Women in Ministry: Four Views
Written by Bonnidell Clouse and Robert G. Clouse (eds.) Reviewed By Alice Mathews‘Those who follow Jesus Christ must seek to understand his will in relation to women’s rights. Beyond the need to come to terms with the times, however, is the requirement that Christians deal justly with others regardless of race, social class or gender.’ With those words Robert G. Clouse concludes his introduction to Women in Ministry: Four Views. The four-way debate that follows lays out virtually all the issues Christians need to consider in coming to understand the will of Jesus Christ concerning women in ministry.
This book works remarkably well. The four debaters represent distinct positions on a continuum running from a traditional view (‘Let your women keep silence’) to an egalitarian view (‘There is neither male nor female in Christ’). While arguments for each of the four views weave in and out of the essays and responses in what sometimes appears to be a haphazard way, the end result is a comprehensive overview of the relevant issues.
Following Robert Clouse’s introductory look at historical views of women in ministry, Robert D. Culver leads off with ‘A Traditional View: Let Your Women Keep Silence’. The inviolability of tradition controls Culver’s approach: ‘tradition … is something precious, instituted by authority which has been delivered over for safekeeping, not to be changed or tampered with’ (p. 26). This leads him to stick (laudably) to sometimes anachronistic interpretations of his chosen texts, i.e. lobbying for long hair for women as well as their wearing hats at worship services.
The second major essay, by Susan T. Foh, presents ‘A Male Leadership View: The Head of the Woman is the Man’. Setting up a hermeneutical di-polarity as her starting point, Foh attacks those who give consideration to the cultural, historical and geographical context of biblical material as ‘relativizing the biblical commands to women’. Not surprisingly, both Liefeld and Mickelsen attack her ‘oversimplified and unfair assumptions’.
Foh concludes that women are barred only from the office of elder with its ‘authority over human souls’. Her arguments at times have a legalistic flavour.
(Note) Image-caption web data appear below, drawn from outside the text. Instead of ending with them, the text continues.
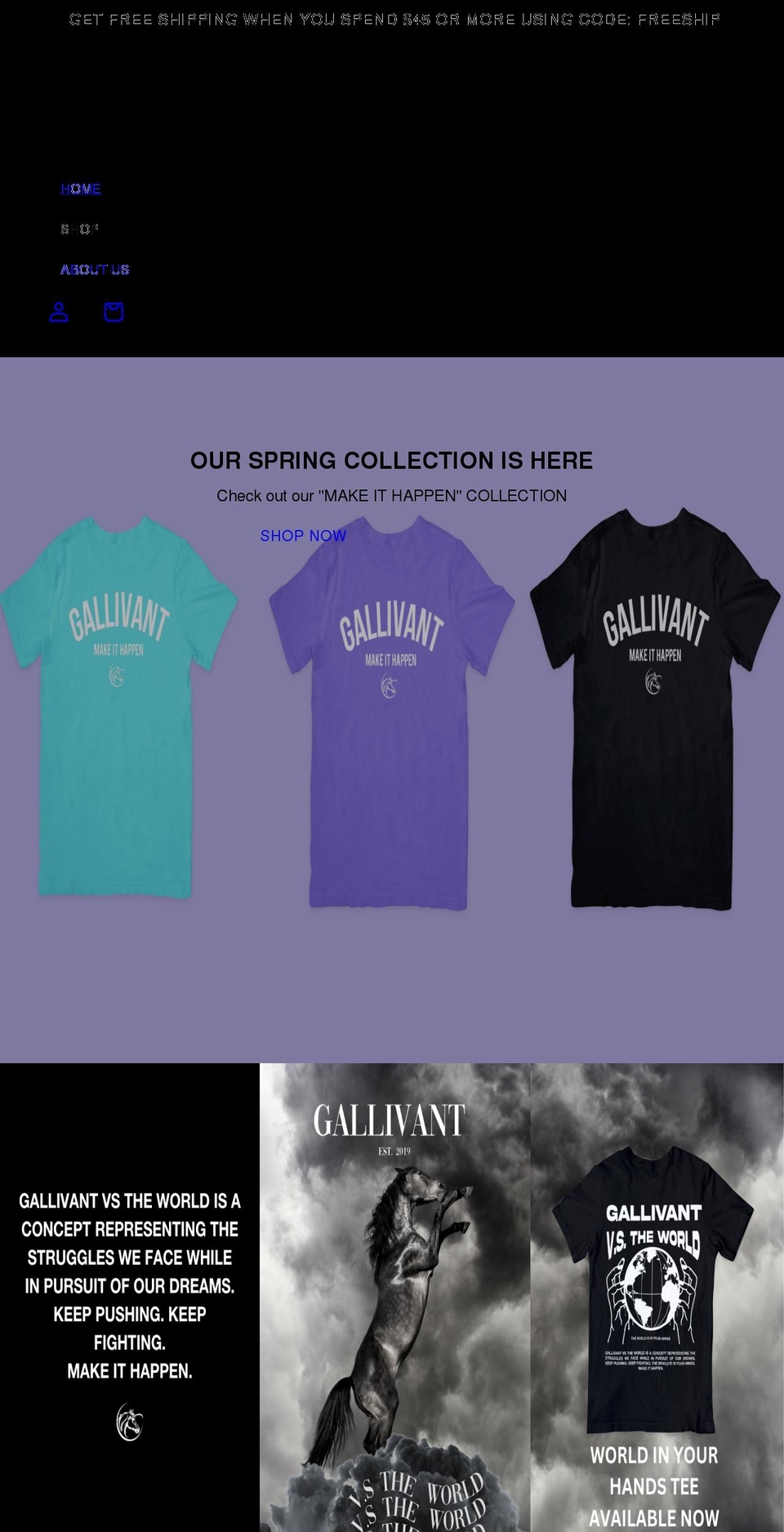 gallivantllc.com shopify website screenshot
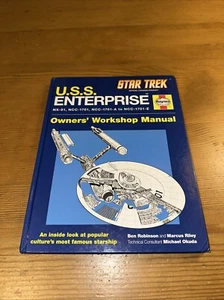 Star Trek U. S. S. Enterprise Haynes Manual 2010 Hardcover Book FREE SHIPPING - Picture 1 of 1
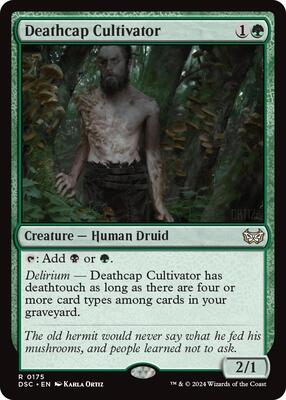 Deathcap Cultivator card from Commander: Duskmourn: House of Horror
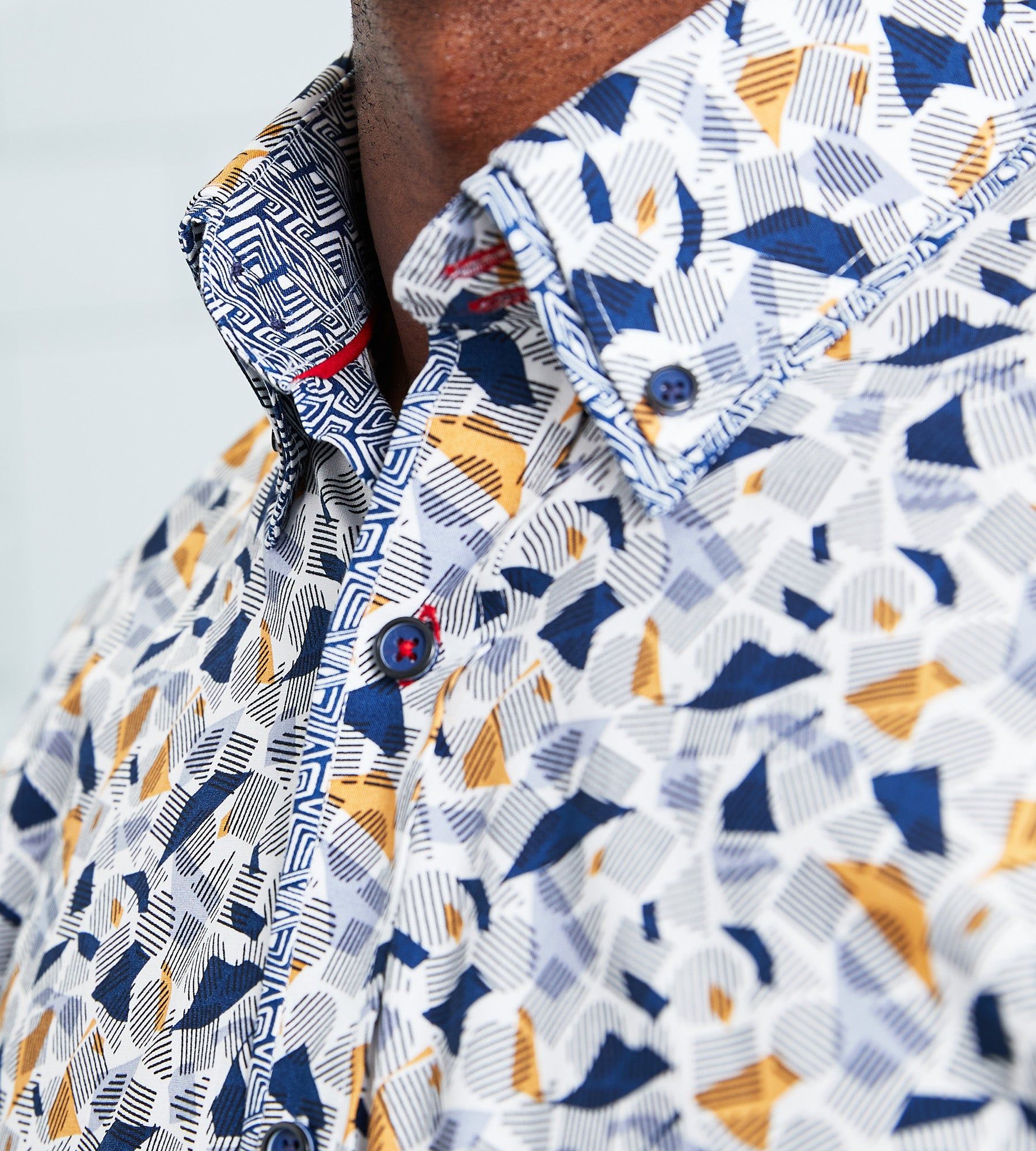 Modern Fit Long Sleeve Double-Collar Printed Sport Shirt sold by Tip Top product image thumbnail 3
For example, a female missionary may teach a sermon to a male national who in turn will preach it to the congregation, but she cannot directly address that congregation authoritatively (pp. 98–100).
In the third essay Walter Liefeld presents ‘A Plural Ministry View: Your Sons and Your Daughters Shall Prophesy’. Liefeld, a master at raising the thought-provoking question, examines two basic questions: how gender affects ministry, and how the nature of ministry affects women’s roles. These lead to other questions—about inherent differences between men and women that could render one capable of ministry and the other not, about the order of creation, how the fall affects women’s suitability for ministry, how redemption in Christ affects the consequences of the fall, what we make of actual instances of ministering women in the NT records and, ultimately, what ordination means in terms of spiritual gifts, preaching, teaching, authority and servanthood. He concludes that because the main biblical characteristic of ministry is service rather than authority, none of the relevant biblical texts hinders women from the normal ministries.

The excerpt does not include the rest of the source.